Далее? "Княжну Тараканову" костерили за недостоверность. Мол, Константин Флавицкий создал душещипательную картинку, где безвинная красота гибнет в каземате. Иллюстрация к псевдоисторическому роману, да и только! На деле «претендентка» умерла вовсе не из-за наводнения 1777 года, но от чахотки двумя годами раньше. Миф оказался настолько живучим, что в него поверили, а Борис Пастернак писал: «Ты бьёшься, как билась княжна Тараканова, когда февралём залило равелин». Вместе с тем, работа Флавицкого произвела фурор – её похвалил виднейший критик Владимир Стасов, назвав «…чудесной картиной, славой нашей школы, блистательнейшим творением русской живописи», а Третьяков поместил её в галерее.
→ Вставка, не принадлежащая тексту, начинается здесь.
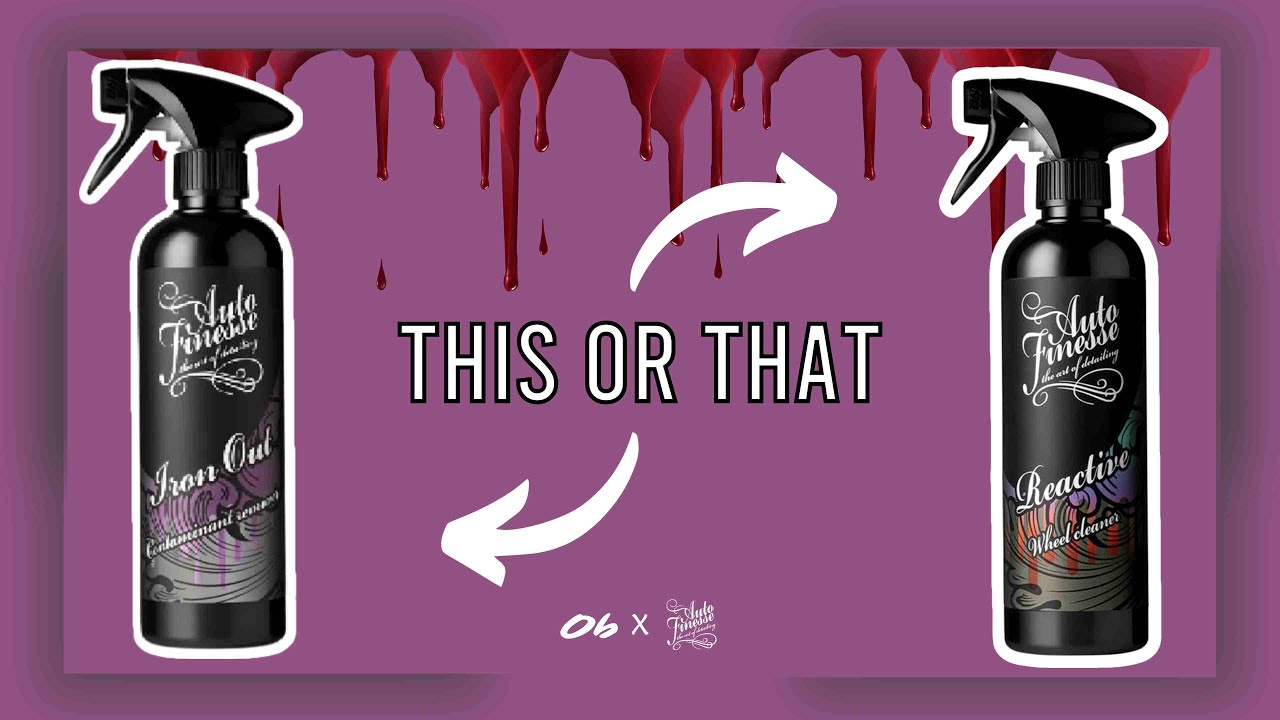 WHAT IS THE DIFFERENCE? | Autofinesse Reactive Vs Iron Out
Нападали и на Виктора Васнецова с его дивными «сказками», что нам так милы. Особо досталось эпичному холсту "После побоища Игоря Святославича с половцами". Злопыхатели утверждали, что автор изобразил спящих, а не мёртвых и умудрился втиснуть в трагическое полотно какие-то «ситцевые» ромашки с колокольчиками. Вряд ли кому сейчас придёт в голову, что "Берёзовая роща" Архипа Куинджи – это «дешёвые эффекты» и трюкаческая игра со светом. Моновыставка "Берёзовой рощи" спровоцировала, как восторг, так и взрыв насмешек. Реалистам не понравились «плоские» деревья и ненатуральный цвет. Друзья-передвижники не увидели тут живительной мысли. Одна зелёная расслабленность! Или тоска. Зелёная.
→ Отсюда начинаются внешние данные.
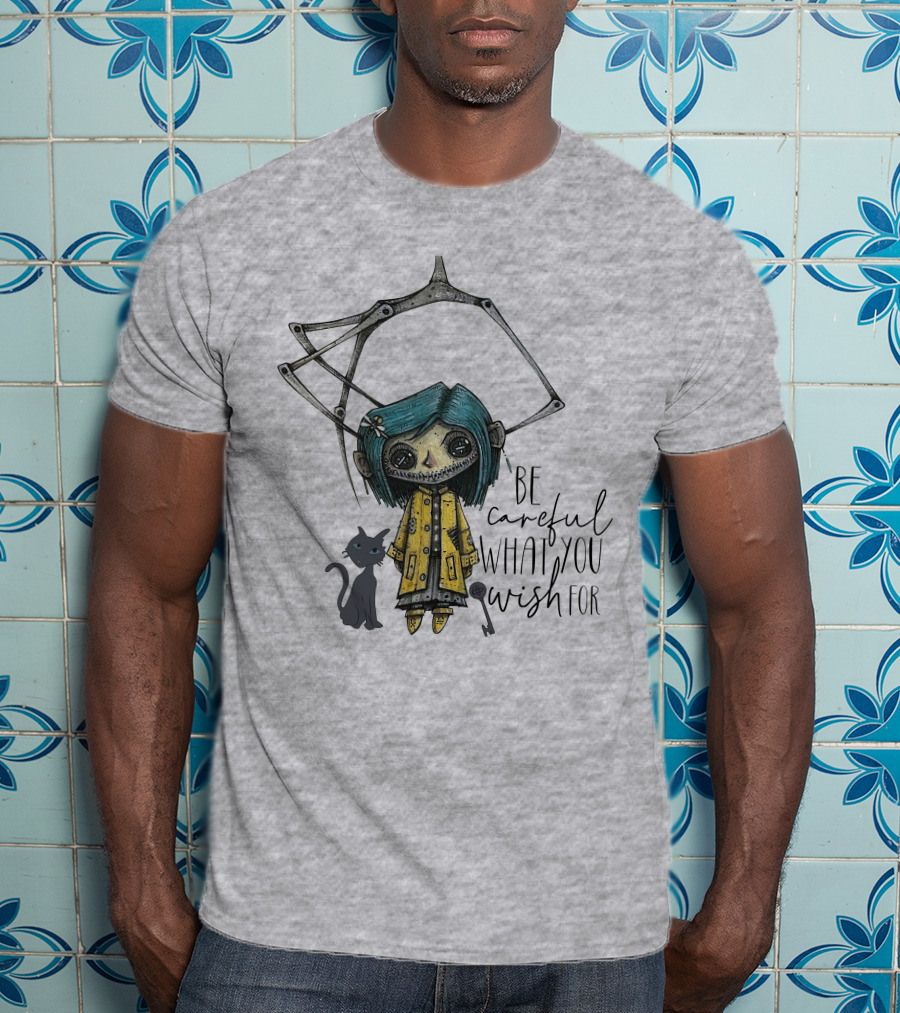 Be Careful What You Wish For Doll With Cat T-Shirt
Больше всех ругали "Принцессу Грёзу", точнее самого Михаила Врубеля. Его не хотели признавать гением и лишь осмеивали его бешеные и, как потом выяснилось, патологические линии. Отмечу, что "Принцесса Грёза" располагается на пересечении трёх проектов – большой выставки Михаила Врубеля в здании на Крымском валу, экспозиции "Русский Модерн" и плавно вписывается в "Отвергнутые шедевры". Заказанная Саввой Мамонтовым для Нижегородской ярмарки, одобренная императором, врубелевская дева-грёза раздражила стариков из Академии Художеств и досужих филистеров – её обозвали декадентской мазнёй даже хотели убрать. Принцесса Грёза победила, а Мамонтов «увековечил» её на майоликовом панно гостиницы "Метрополь". В пьесе Эдмона Ростана ‘La Princesse lointaine’ прекрасная девушка являет собой не кусок плоти, но мечту о высшей гармонии, отчётливый идеал и цель бытия. Врубелю с его аномальным сознанием удалось это воплотить, а буржуй Савва Мамонтов оказался умнее академиков.
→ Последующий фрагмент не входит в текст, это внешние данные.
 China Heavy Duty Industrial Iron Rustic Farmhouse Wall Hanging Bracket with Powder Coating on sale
Подборка воистину парадоксальна - тут и "Апофеоз войны" Василия Верещагина, и "Видение отроку Варфоломею" Михаила Нестерова, и "Голгофа" Николая Ге. Впрочем, я бы заменила название выставки на "Спорные шедевры", так как они были не тотально отвергнуты, но вызывали неоднозначную трактовку. Что сказать? Мы нипочём не знаем, где окажется та или иная картина или – книга. Может, в Вечности, а может – на помойке. Вкусы толпы – изменчивы.